Plaintiffs urge this court to further recognize a cause of action for recoupment brought affirmatively by a plaintiff. Defendant responds that "[r]ecoupment is not a vehicle for a plaintiff to assert affirmative relief, under any theory" and that "[a]n action for recoupment is restricted to responding defensively to claims asserted against the party claiming recoupment." Def.'s Mem. Law Supp. Mot. Dismiss 2, 3 [#28]. In May v. SunTrust Mortg., Inc., 7 N.E.3d 1036 (Mass. 2014), on which Plaintiffs rely, the Massachusetts Supreme Judicial Court ("SJC") considered whether a cause of action for "rescission by way of recoupment" was available under the Massachusetts Consumer Credit Cost Disclosure Act ("MCCCDA"). Section 10(f) of that statute allows debtors to bring actions to rescind consumer credit contracts within four years of execution of an offending contract, and § 10(i)(3) states that nothing in § 10 affects a consumer's right of recoupment. See id. at 1040-41 (citing Mass. Gen. Laws ch. 140D, §§ 10(i)(3), (f)). In May, the consumers (debtor-plaintiffs in an adversary proceeding in Bankruptcy Court) had sought to rescind their mortgage approximately four years and eight months after it was executed, asserting that § 10(i)(3) permits for such claims to be brought in recoupment at any time, notwithstanding the limitations provision in § 10(f), because claims in recoupment are never time-barred.

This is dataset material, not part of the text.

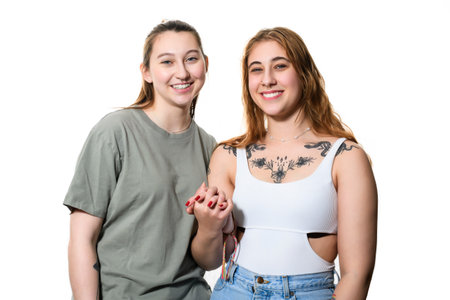 Happy lesbian couple on studio white background.の写真素材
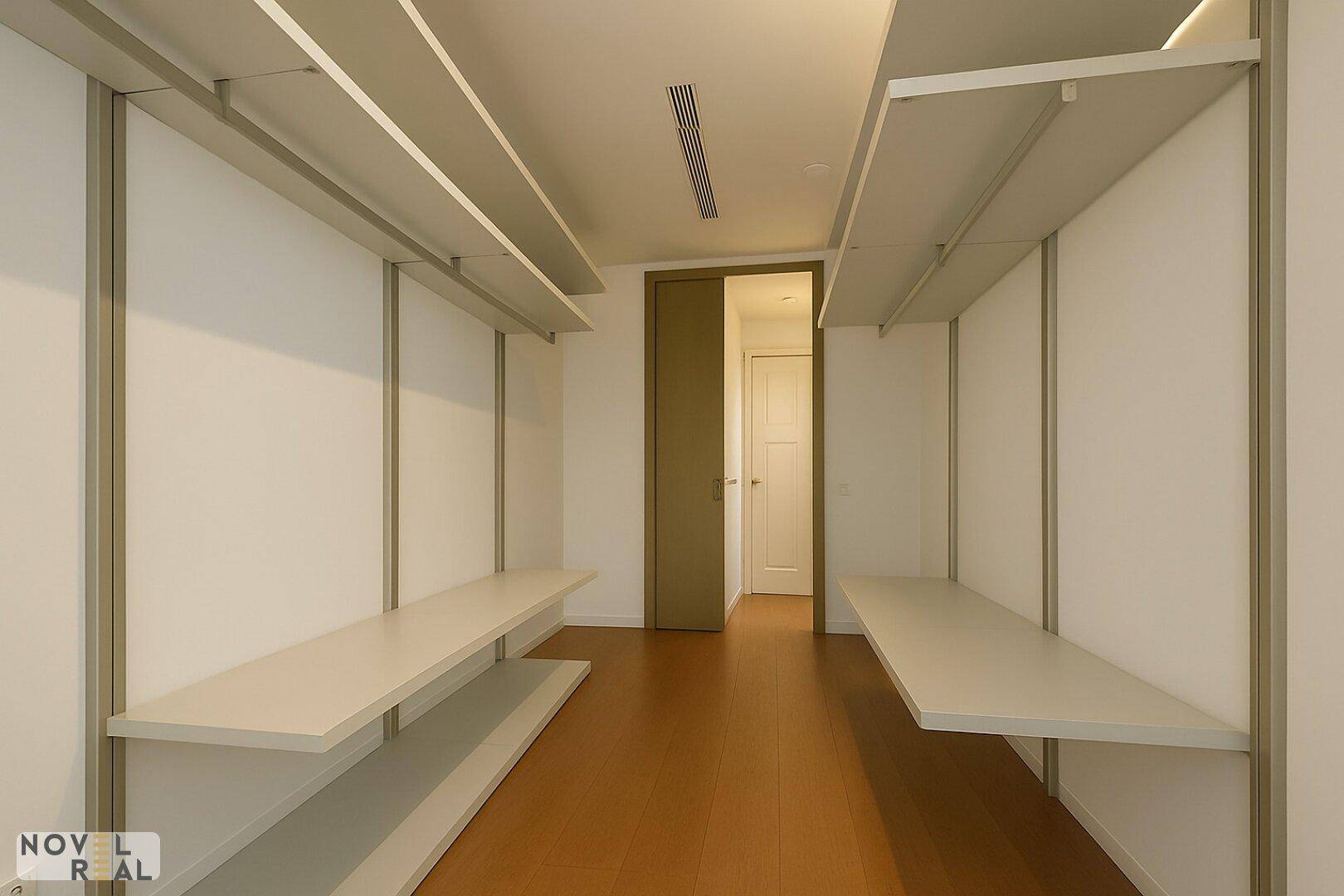 Geräumiger begehbarer Kleiderschrank mit offenen Regalsystemen und Holzfußboden.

The SJC noted the "fundamentally different" nature of rescission and recoupment and their treatment at common law as "separate, non-overlapping remedies," id. at 1042. In holding that "rescission by way of recoupment" is not available under the MCCCDA, the SJC further held that borrowers who have a claim for damages may nonetheless have a remedy through recoupment, stating:

borrowers like the plaintiffs who may have a claim for damages to assert defensively in recoupment against a creditor's claim are not limited to the statutory damages provided in § 32 in the MCCCDA. For example, borrowers can assert a claim for unfair or deceptive acts or practices in violation of G.L. c. 93A against
the creditor, so long as the alleged c. 93A violation is connected to the underlying credit transaction.
Id. at 1044.

The SJC nevertheless concluded that the borrower's Chapter 93A claim, in that case, did "not appear to offer relief" because it was tied to their purported right to rescission. Id. at 1044 n.17.

Citing the foregoing language from May, Plaintiffs contend that "the Hooleys seek to do exactly what the SJC prescribed in May—they have asserted a defensive claim in recoupment against their mortgage holder prior to a nonjudicial foreclosure, in an attempt to offset liabilities." Pls.' Mem. Law Opp'n Def.'s Mot. Dismiss 7 [#38]. This argument tracks dicta in In re Sheedy, where the First Circuit stated that "May recognizes that it is possible for a future plaintiff to have a defensive claim for damages under Chapter 93A that could be raised in recoupment . . . ." In re Sheedy, 801 F.3d at 22. Indeed, this court read May similarly in a prior order in this case. See Mem. & Order 4 [#24].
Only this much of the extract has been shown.